We have a duty in this place to ensure that, with respect to nations that do not share our values but, in fact, show hostility, aggression and a desire to erode Canada's sovereignty, we put in place safeguards to prevent them from doing so.
What I think this Liberal government has done with this bill is to try to distract Canadians. They are trying to say “oh, here is a bill that might do some things”, but it really does not get to the heart of the fact that, as I have said, the world has changed and that, given that, we need to have very strong protections to ensure our sovereignty is protected. It needs protection in terms of hostile state actors influencing our economy or, in fact, even taking resources, intellectual property or other things back to their nations that could, in turn, be used to threaten our country and the people we all represent.
I do not think this bill is adequate at all. I want to talk about why, and what the government should be doing to protect our sovereignty, in terms of these economic measures.
Right now, if a state-owned enterprise, a company that is owned, in part or wholly, by another government, another country, wants to buy, let us say, a mine or something like that, that transaction should be subject to a review, both in terms of national security and in terms of whether this transaction is in the best interests of Canadians.
What this bill wants to do is take away the weak, inadequate process that exists right now, and instead of having it go through a cabinet process, where there are people from across the country, different portfolios, different lenses, looking at this, to put all that power into one minister.
I have a big concern with the government, given what it did with SNC-Lavalin. When the Prime Minister was confronted with a cabinet minister who did her job and said, “Whoa, I am not doing this”, he just shunted her aside and replaced her with a minister who was more acquiescent.
I am very hesitant to give the government, and particularly the Prime Minister, power here. Let us say he is under the influence of other nations or under lobbying influence, as we saw in the SNC-Lavalin scandal. If he is faced with that type of pressure again, I do not think he has the chops to stand firm in the best interests of Canadians because he has proven otherwise.
With this bill, the fact that issues would not go to cabinet waters down the process, which should be of grave concern to all Canadians. Certainly an amendment should be considered to remove that process.
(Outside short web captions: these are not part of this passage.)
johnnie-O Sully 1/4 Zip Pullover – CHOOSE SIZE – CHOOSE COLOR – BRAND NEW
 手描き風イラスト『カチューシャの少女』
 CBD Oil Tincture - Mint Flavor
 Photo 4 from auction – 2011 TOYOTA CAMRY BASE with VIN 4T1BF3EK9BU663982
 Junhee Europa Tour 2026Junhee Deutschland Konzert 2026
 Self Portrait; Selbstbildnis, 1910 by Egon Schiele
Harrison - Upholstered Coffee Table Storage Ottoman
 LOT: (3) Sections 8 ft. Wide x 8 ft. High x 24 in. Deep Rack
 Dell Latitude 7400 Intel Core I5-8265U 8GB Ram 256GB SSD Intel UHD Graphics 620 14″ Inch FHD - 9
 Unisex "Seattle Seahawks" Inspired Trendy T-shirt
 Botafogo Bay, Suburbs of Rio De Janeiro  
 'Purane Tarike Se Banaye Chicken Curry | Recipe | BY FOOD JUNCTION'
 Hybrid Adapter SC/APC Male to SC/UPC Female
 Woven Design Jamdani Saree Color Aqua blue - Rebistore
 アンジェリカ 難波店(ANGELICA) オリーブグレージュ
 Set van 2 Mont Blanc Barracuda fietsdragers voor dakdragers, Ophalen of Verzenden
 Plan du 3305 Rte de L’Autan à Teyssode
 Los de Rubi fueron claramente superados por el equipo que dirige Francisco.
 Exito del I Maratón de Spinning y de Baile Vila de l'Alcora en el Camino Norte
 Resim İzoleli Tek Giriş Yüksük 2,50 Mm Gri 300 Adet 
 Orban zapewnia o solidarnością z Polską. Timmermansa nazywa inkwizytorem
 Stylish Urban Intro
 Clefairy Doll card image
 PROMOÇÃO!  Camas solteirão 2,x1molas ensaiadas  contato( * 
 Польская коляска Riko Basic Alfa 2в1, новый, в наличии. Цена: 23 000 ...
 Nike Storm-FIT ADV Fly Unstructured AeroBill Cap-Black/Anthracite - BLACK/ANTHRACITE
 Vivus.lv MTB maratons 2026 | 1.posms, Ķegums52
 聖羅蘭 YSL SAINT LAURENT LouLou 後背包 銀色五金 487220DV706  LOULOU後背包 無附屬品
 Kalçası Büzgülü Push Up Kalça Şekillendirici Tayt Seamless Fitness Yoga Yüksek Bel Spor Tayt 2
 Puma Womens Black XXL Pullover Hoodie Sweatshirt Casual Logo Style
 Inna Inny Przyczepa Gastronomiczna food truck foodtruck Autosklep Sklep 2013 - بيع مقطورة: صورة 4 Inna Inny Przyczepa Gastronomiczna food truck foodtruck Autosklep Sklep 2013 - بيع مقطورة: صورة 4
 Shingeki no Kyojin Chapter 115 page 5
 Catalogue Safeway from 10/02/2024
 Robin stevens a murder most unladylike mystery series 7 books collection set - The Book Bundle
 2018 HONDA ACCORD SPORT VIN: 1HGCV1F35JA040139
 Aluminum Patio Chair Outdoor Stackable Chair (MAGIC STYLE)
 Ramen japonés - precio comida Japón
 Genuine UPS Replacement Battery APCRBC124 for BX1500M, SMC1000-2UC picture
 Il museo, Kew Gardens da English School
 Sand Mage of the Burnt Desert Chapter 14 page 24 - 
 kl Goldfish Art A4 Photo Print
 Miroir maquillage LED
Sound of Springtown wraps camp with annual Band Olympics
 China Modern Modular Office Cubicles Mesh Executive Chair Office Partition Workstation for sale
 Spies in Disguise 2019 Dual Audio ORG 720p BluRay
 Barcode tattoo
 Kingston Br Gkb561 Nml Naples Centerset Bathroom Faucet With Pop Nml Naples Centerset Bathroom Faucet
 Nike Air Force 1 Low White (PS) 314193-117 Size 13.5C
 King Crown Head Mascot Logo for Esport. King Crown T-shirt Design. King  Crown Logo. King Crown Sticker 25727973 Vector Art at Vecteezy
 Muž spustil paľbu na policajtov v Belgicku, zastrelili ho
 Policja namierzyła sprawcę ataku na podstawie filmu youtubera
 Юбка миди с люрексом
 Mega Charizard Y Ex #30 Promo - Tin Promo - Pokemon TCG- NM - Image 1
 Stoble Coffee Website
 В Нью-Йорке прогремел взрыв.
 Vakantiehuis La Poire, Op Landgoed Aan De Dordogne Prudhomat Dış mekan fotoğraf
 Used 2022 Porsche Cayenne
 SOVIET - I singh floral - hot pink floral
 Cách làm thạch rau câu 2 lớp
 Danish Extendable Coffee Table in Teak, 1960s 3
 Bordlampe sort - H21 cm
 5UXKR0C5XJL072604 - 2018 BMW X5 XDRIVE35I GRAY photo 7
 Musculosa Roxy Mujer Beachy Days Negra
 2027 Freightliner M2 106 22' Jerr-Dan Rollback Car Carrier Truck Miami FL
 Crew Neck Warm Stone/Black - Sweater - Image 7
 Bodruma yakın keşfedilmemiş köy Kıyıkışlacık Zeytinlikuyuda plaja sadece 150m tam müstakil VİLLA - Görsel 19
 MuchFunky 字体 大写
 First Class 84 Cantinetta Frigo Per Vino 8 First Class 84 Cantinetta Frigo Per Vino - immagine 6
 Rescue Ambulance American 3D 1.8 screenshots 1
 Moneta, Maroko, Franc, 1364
They should go to cabinet. I cannot understand why they would not.
The other thing to note is that because the world has changed, we know there are countries and state actors that employ this type of capital, like state-owned enterprises, to try to purchase major parts of the Canadian economy. There is a really high threshold in terms of dollar value for what would trigger a review under the current process. For certain countries, I feel that threshold should be zero.
There are some countries that we know are acting against the interests of Canadians and are arguably challenging our sovereignty. Any time those countries want to buy up some of our critical resources or critical intellectual property, there should be an automatic national security review to review whether this is in the best interests of the country. Then parliamentarians and the government can show accountability to our constituents and show that we are not just letting countries be hostile to our country by buying up parts of it. I think that threshold should be zero, and it should be amended in this bill.
There should also be a list of countries that have shown aggression and hostility to this country or to our allies so that they automatically get a review. If they are on this list, there is automatically a review for this type of transaction. That should also be an amendment in this bill.
The other thing to note is that the bill talks about just looking at acquisitions of companies. It is not looking at the acquisition of assets. What do I mean by that? I know there have been a lot of concerns about certain countries that have been hostile to Canada buying up farmland in Canada or buying up critical mines that produce things like lithium. This is of course a substance used in really important things like batteries. It is a really rare earth mineral, and it is important we retain sovereignty of it. If these hostile state actors are trying to avoid scrutiny by our government through a back door, there should be an asset review.
I want to circle back to why I do not think power should be consolidated in the hands of the minister. This week, our Ethics Commissioner said in an article, “The act has been there for 17 years for God’s sake”. He essentially talks about the Prime Minister, the cabinet and a lot of members in the Liberal Party not having a moral compass to know what is right and wrong, not holding the cabinet to account and letting this leader continue.
This is why the bill needs to be amended. There is too much power concentrated in a group of people who think they can get away with things that are in their best interest. When we are talking about maintaining national sovereignty, we need more safeguards and not less for these types of economic transactions.
In closing, I want to talk about what my colleague from Saskatchewan said. This morning, there was a report that said the Chinese Communist Party was directly influencing elections here in Canada. Our sovereignty is under threat, and we should be ensuring strict safeguards. We should be acknowledging the world has changed and that our constituents deserve greater levels of protection, and should be looking at how assets might be produced or taken from Canada and potentially used against us in the future.
I am worried that because this bill does so little and waters down the fiduciary authority of cabinet to look at these transactions, we are putting ourselves in a more precarious position as opposed to a stronger position, particularly given the ethical lapses of the government and particularly given the inability of the Liberal backbenchers to stand up and hold their ministers, who give contracts to their friends, to account. The Prime Minister has had two ethics violations. How is he still the leader of their party? Because of the lack of moral compass the Ethics Commissioner talked about, there need to be amendments to this bill.